Only the lines from the one containing "New Dear-Lover Voluminous" through the last line of the data below belong in your answer, copied exactly and without pictures.
═════ AVAILABLE DATA ═════
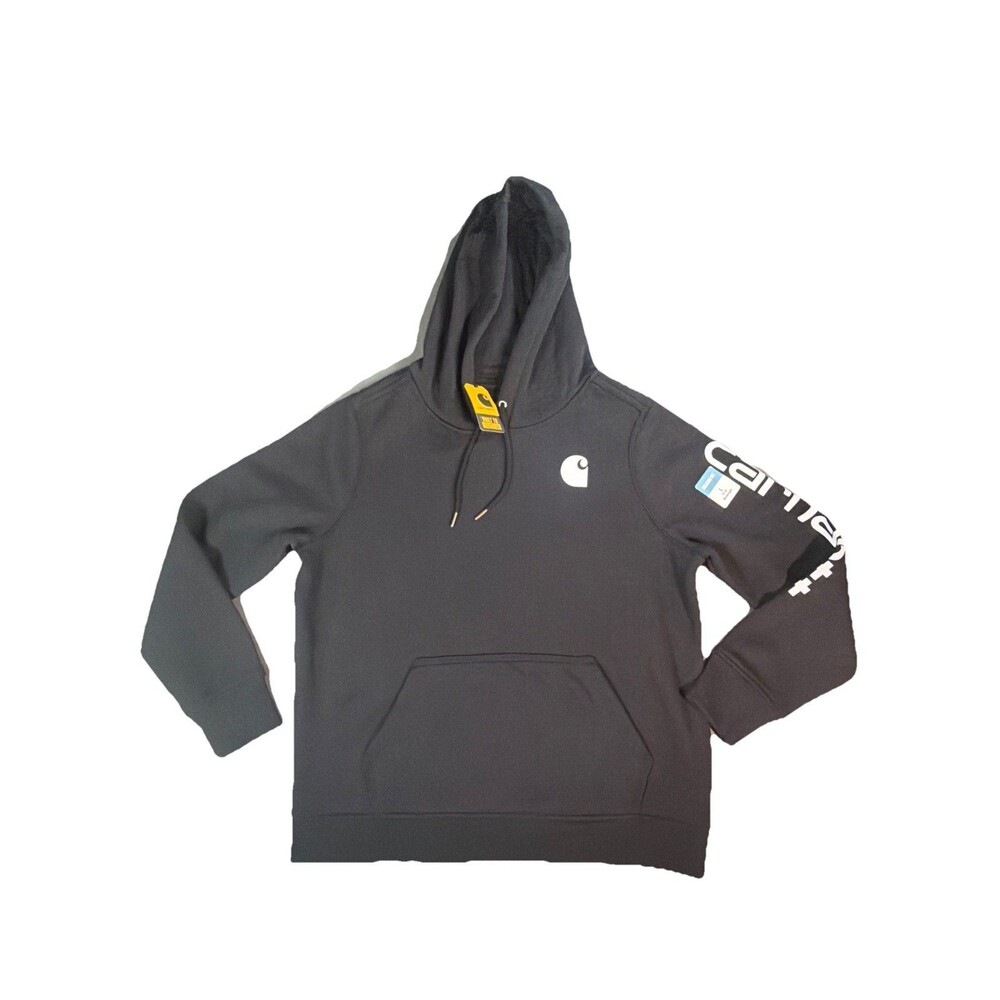Carhartt Womens Relaxed Fit Midweight Logo Sleeve Graphic Hoddie Black/Large NWT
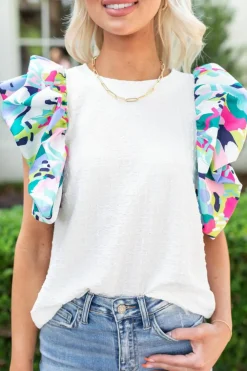 New Dear-Lover Voluminous Printed Puff Sleeve Textured Top White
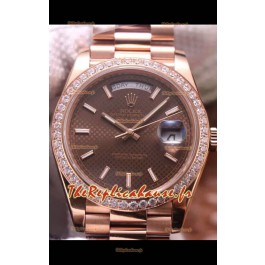 Montre Rolex Day Date Presidential 904L Acier Or Rose 40MM - Cadran brun qualité miroir 1:1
═════
WORKED SOLUTION:
 New Dear-Lover Voluminous Printed Puff Sleeve Textured Top White
 Montre Rolex Day Date Presidential 904L Acier Or Rose 40MM - Cadran brun qualité miroir 1:1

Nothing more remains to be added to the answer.